Seriously love your blog, and my boy does too! He's only 11 months but DEVOURS the tempeh burgers and vegan sausages! THANK YOU for sharing all this with us. We just moved to middle-of-nowhere Kansas from Houston, TX and we were getting a little discouraged (can't find too many vegan options out here in the Mid-West) and thought our kid was never going to go for this type of food.
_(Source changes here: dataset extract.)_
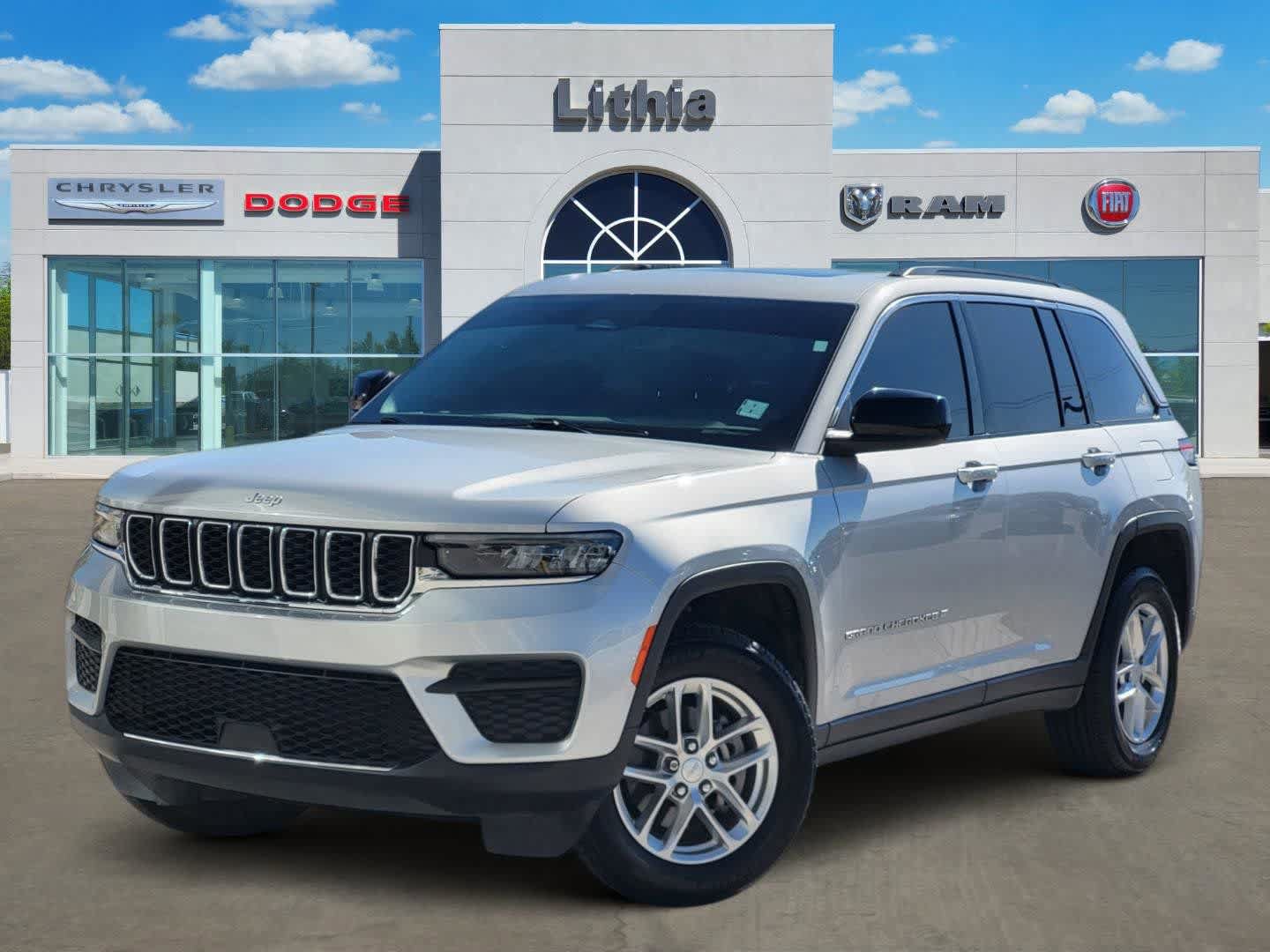 Used 2024 Jeep Grand Cherokee Laredo X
Making these buns again today! We love 'em!

josh said...

made these with coconut milk (only had vanilla rice milk, otherwise) and random proportions of WW pastry, plain WW, and un-un white (pantry cleanout). turned out pretty well, actually!

Michaela said...

WOW. After a failed attempt with a different recipe earlier today, I found these ... and they're insanely delicious. I've never seen a more perfect hamburger bun. Crusty outside, fluffy inside, yeasty smell, perfectly browned tops. THANKS for sharing this recipe!!

maniacmagee said...

Nice recipe! I wanted to shave off some time, so I made an adjustment: activate the yeast first (in warm water with a pinch of sugar), and add it at the beginning. Then cut the rise time down to two half-hour segments with a punch-down in between. I recommend folding instead of actually punching, because you want a few big bubbles in there to keep the buns from being too dense. Also, slash before baking. I used corn meal to coat the pan before proofing. They turned out great.

Vrnda Devi said...

I love your blog! These are currently in the oven and they look wonderful!

Raj said...

What kind of yeast did you use?
The "active Dry Yeast" available here needs proofing. We need to put in warm water with a teaspoon of sugar and set it aside for 10 minutes it foams up then you add to the dough.
Do you mean active "Instant" yeast. That is the kind of powder you add directly to the dough. Generally its sifted into the flour for better mixing.